Les élections présidentielles, de la Chambre des députés, du Sénat et les municipales sont convoquées le 20 novembre 2022, selon un décret du chef de l’Etat lu au journal du soir de la télévision d’Etat. Teodora Obiang détient le record mondial de longévité au pouvoir des chefs d’Etat encore vivants, hors monarchies.

Le seul enjeu résidera dans la désignation avant le scrutin du candidat du Parti Démocratique de Guinée Equatoriale (PDGE), qui occupe 99 des 100 sièges de la chambre basse sortante et la totalité des 70 sièges du Sénat : Teodoro Obiang, 80 ans, se présentera-t-il pour un nouveau mandat ou laissera-t-il son fils Teodoro Nguema Obiang Mangue, surnommé Teodorin, lui succéder ?
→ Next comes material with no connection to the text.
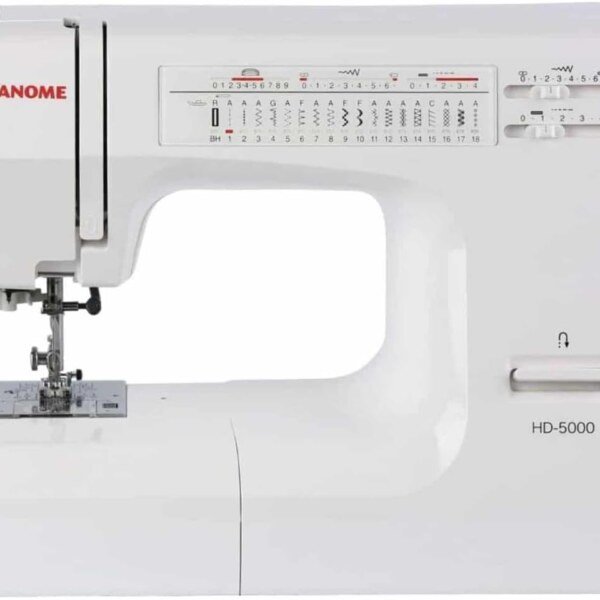 Janome HD5000 Heavy Duty Sewing Machine Complete Review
Ce dernier, tout-puissant et redouté vice-président chargé de la Défense, jet-setteur publiquement assumé et condamné en 2021 à trois ans de prison avec sursis en France dans le cadre des affaires dites des « biens mal acquis », est depuis longtemps considéré comme le dauphin de son père et est omniprésent sur la scène politique depuis deux ans.
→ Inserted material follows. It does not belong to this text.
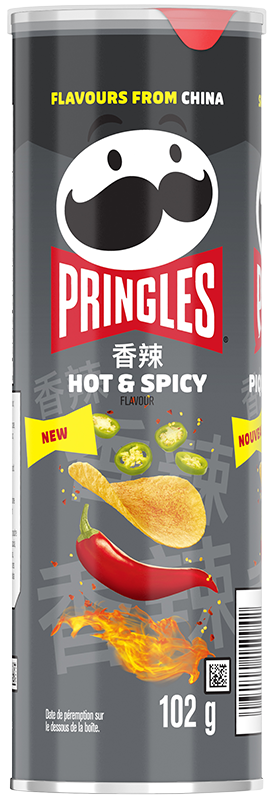 Pringles hot &  spicy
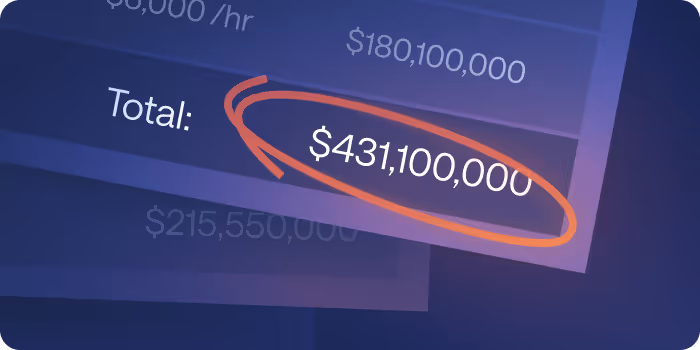 cloud bills illustration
Mais le congrès du PDGE qui devait l’introniser candidat en novembre 2021, ne l’a finalement pas fait, à la surprise générale. A deux mois du scrutin, les Equato-Guinéens – mais aussi les observateurs et diplomates – s’interrogent aujourd’hui sur qui va l’emporter de Teodorin ou des caciques du régime qui voient d’un mauvais œil le fils à la tête de ce petit pays riche de ses hydrocarbures et poussent le père à rempiler.

L’issue des législatives ne fait, elle, guère de doute, comme à chaque scrutin : le PDGE – parti unique jusqu’en 1991 – ne devrait laisser que quelques miettes à des mouvements d’opposition « tolérés » parmi les rares qui ne sont pas la cible d’une implacable répression dénoncée régulièrement par les ONG internationales.

Il y a dix mois, le congrès du parti a donné lieu à d’inédites querelles entre partisans de Teodorin et de Teodoro, président depuis 1979 quand il a renversé par un coup d’Etat son oncle Francisco Macías Nguema.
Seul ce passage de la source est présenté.